This morning, I had an emergency session with my therapist before my meeting with the HR director of the new company. After a horrible evening -- But wonderful advice from my mom and friend, I wasn't in the mood to share more feelings. I was mentally drained and exhausted. Xanax makes me groggy and lethargic the next day and I took quite a bit yesterday.

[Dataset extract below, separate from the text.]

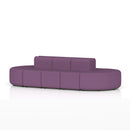 Dynamic Mawsley modular seating set with low back design, 10-seater capsule island for versatile lounge and social spaces.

Anyhoo, I made it to therapy and had a good session. I had moments of feeling like I could make the one minute drive to go sign the paperwork at the new job then moments of paralyzing fear. It was agonizing, but I decided to go with my gut and call the HR director when I left therapy to tell her that I would like to wait for a full-time position. I also told her that I had a lot of accounting work to finish at my aunt and uncle's business so the timing wasn't quite right. While I still feel like I burned a bridge with them (which kills me), I feel like I kept the door open -- If only just a crack.
As things typically go with me, I'm having second thoughts. I'm considering sending the HR director an email telling her I re-thought things over and would like to give it a try -- Maybe part-time. And since the position is temporary, it isn't such a huge commitment. But I know that once I do that, there's REALLY no turning back. My mom has even offered to drive me there (and be super late to work) which I think is the sweetest thing.
Before I send out any more emails, I'm going to eat something and sleep. My icky cold took my appetite away for a few days and now I'm ready to eat and take a nap. I'm going to write the email and save it as a draft. Until then, I need to do a lot of soul searching, eating, and sleeping.